He took them to the Casper balefill to be recycled, before he remembered the fee was $10 per item.

"I won't lie, I did feel tempted to dump them in a trash can somewhere," Padgett said, when he added the numbers in his head realized the total sum was up to $150.

The landfill staff worked with him, combining multiple computer items as one, and pared the fee down to $50.

Padgett fought his urge to dump the items, paid his fee and recycled them, but the experience made him think perhaps some adjustments need to be made.

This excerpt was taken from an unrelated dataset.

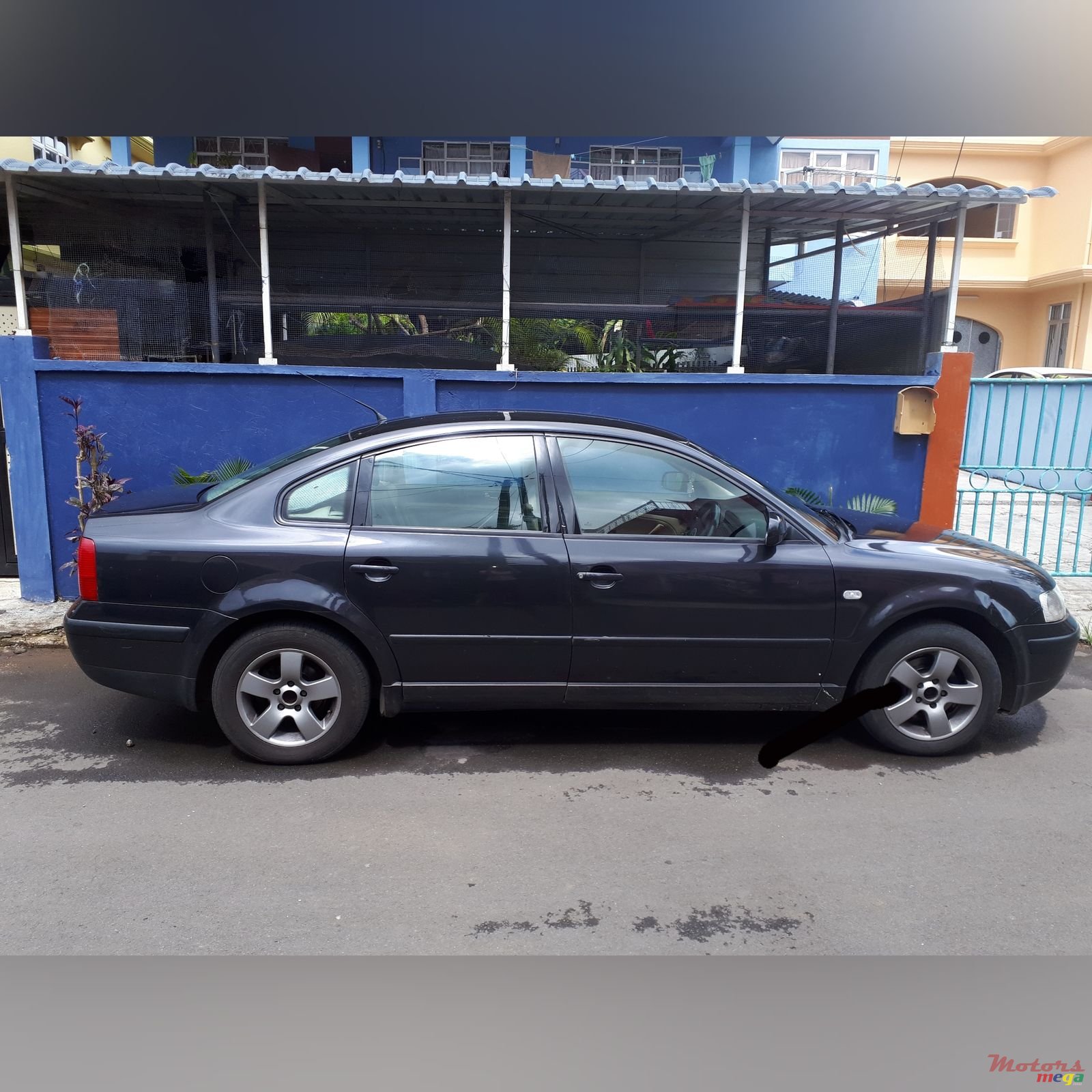 2002' Volkswagen Passat photo #3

"I think as a council we need to think about how to get the word out," he said. "Ten dollars isn't a big deal, but if you let them sit around, under your house or in a basement or wherever, you will have eight to 10 of these electronic devices that shouldn't go to the balefill."

Cynthia Langston, the Solid Waste Division supervisor, said the city is looking at ways to lower the burden on the recycler and still pay the steep recycling costs the landfill bears.

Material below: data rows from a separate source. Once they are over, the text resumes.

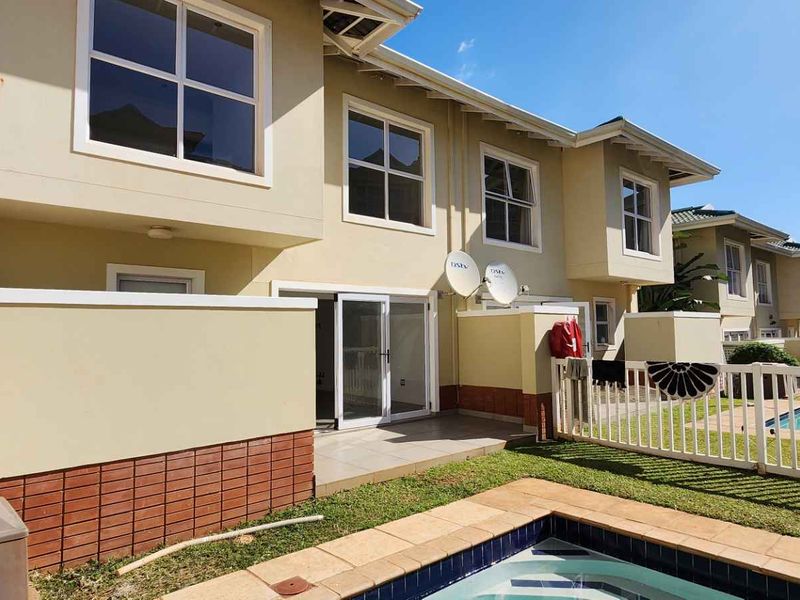 Townhouse For Sale in Kindlewood Estate, Mount Edgecombe, KwaZulu Natal - No Transfer duty - Photo 2
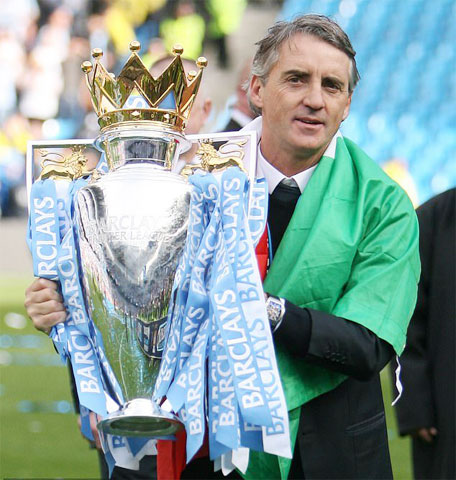 Man City nâng cao cúp vô địch Premier League 2011/12 sau khi ngược dòng đánh bại QPR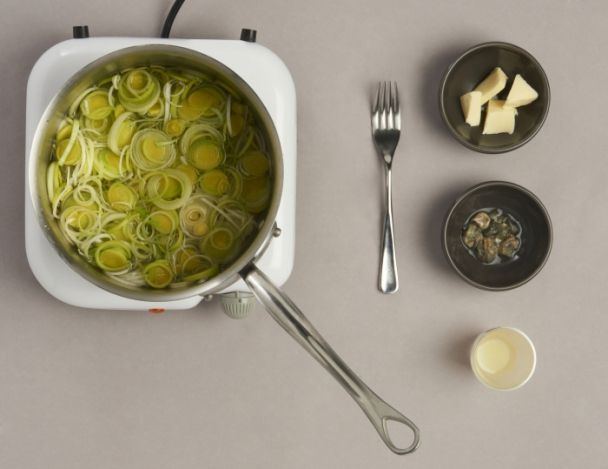 Préparation du jus de cuisson et huîtres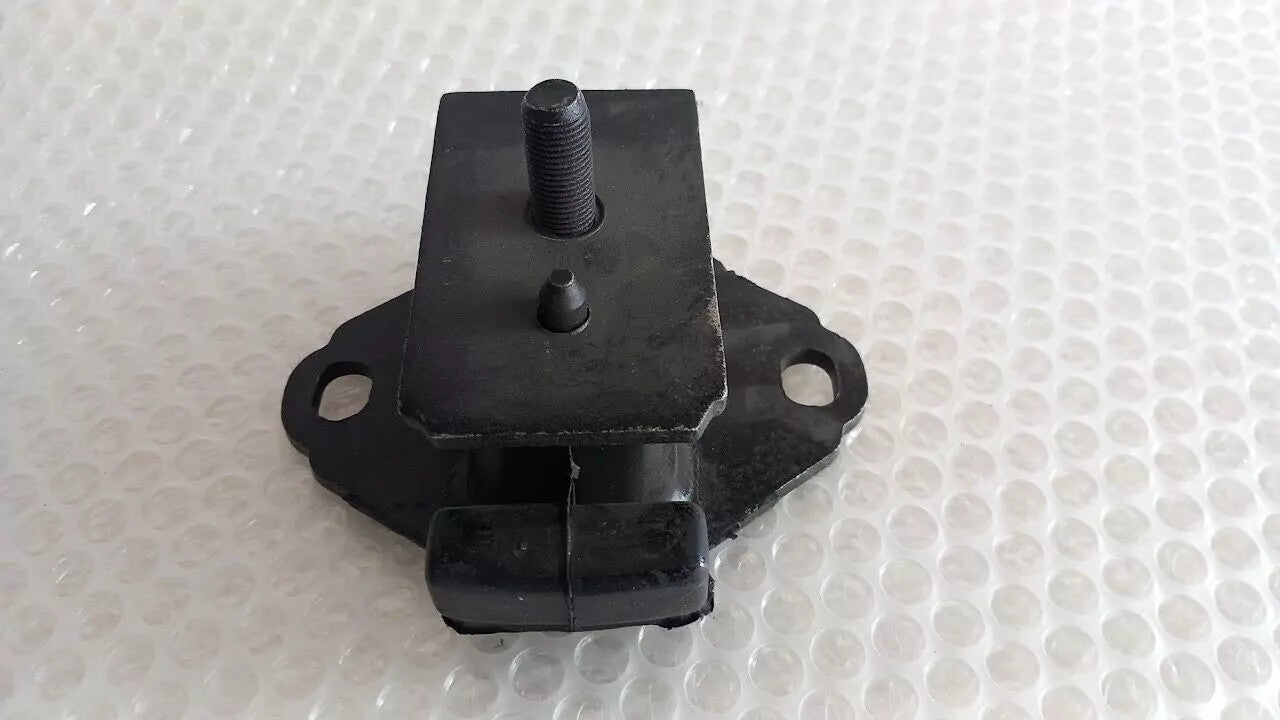 Engine Mount Front fits Toyota Hilux Surf 4Runner KDN KZN Land Cruiser KDJ KZJ 12361-67030 View Front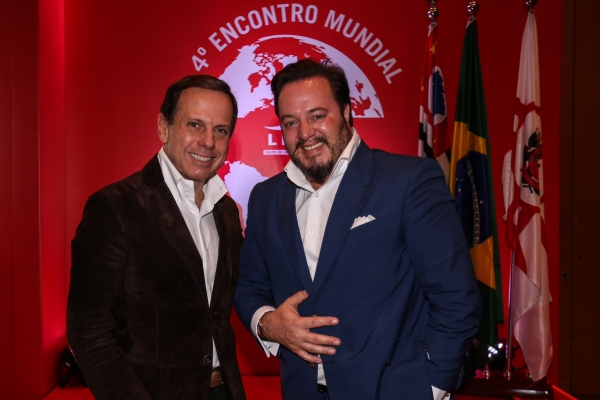 O empresário Fabrício de Macedo (à dir.) e o fundador do Lide nacional, João Dória Jr., após a posse dele como presidente do Lide Paraná | Eduardo Lopes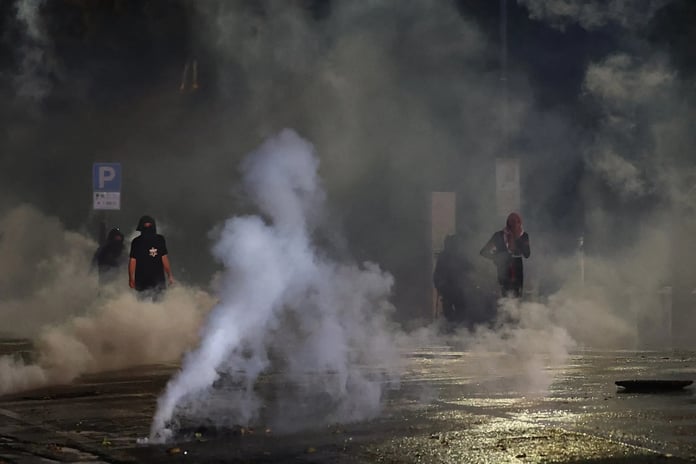 İtalya polisi İsrail-İtalya maçına yürüyen göstericilere müdahale etti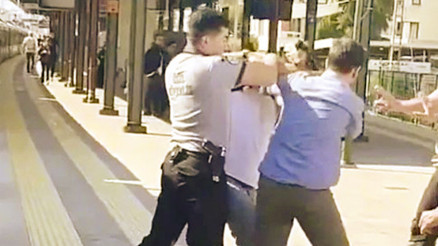 ‘Mavi gömlekli’ye benzeyen gence silahlı saldırı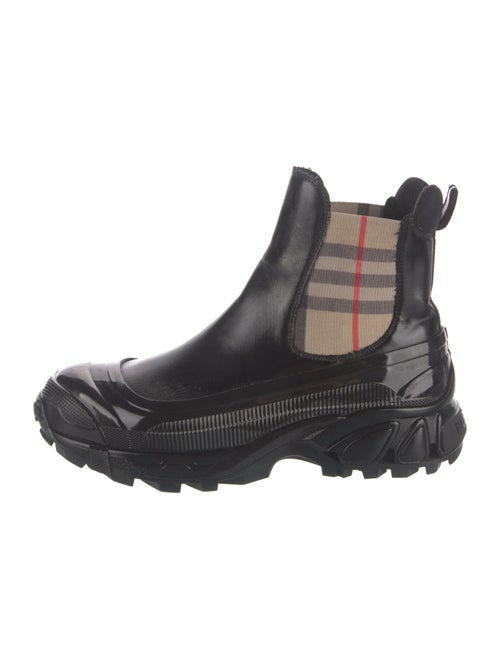 Burberry Nova Check Pattern Chelsea Boots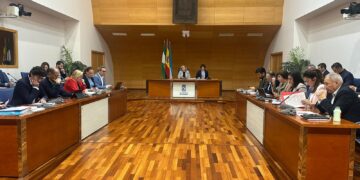 El Ayuntamiento de Fuengirola concederá la Medalla de Oro de Bomberos a los mandos y agentes del cuerpo desplazados a Valencia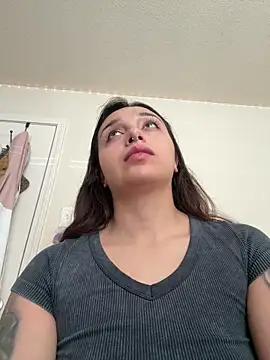 Snapshot of CharmingMaddie chatting on 17, 5, 2026 CharmingMaddie online show from 17, 5, 2026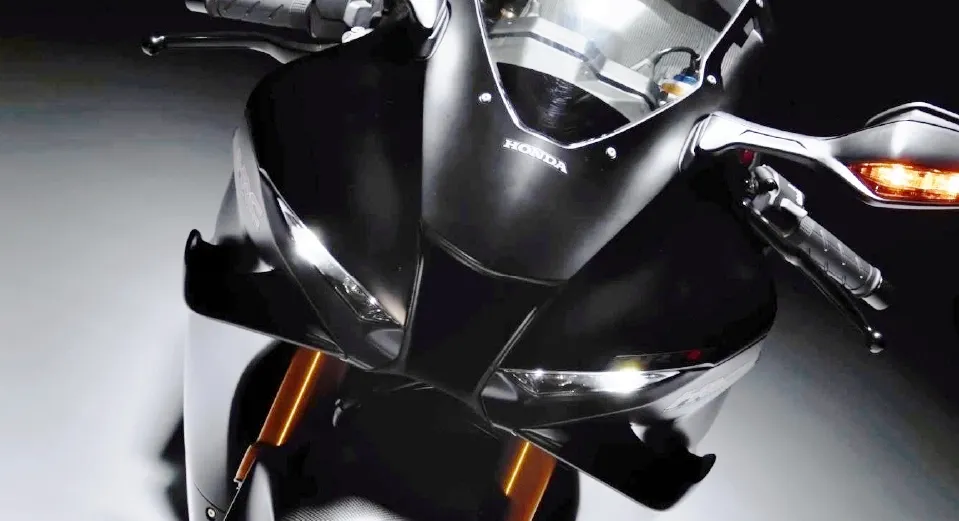 Honda CBR1000RR-R Fireblade SP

She may recommend to the solid waste advisory committee that instead of one flat fee for all electronics, which the council passed in December, it create a graduated fee scale.

In this system, small electronics such as cell phones or handheld games would be free, something roughly one-square foot would be $3 to $5, medium-size items such as entire computer units would be $10 and larger items would be $15.

Right now, electronics are allowed in the landfill, but Langston said she is looking at the feasibility of banning electronics and requiring people to recycle.

Some of the larger items, she said, such as the older televisions with fake wooden sides, can be taken apart. The electronic parts can then be recycled for a lower fee.

Langston will go to the committee on May 13 and recommendations may then go before the council.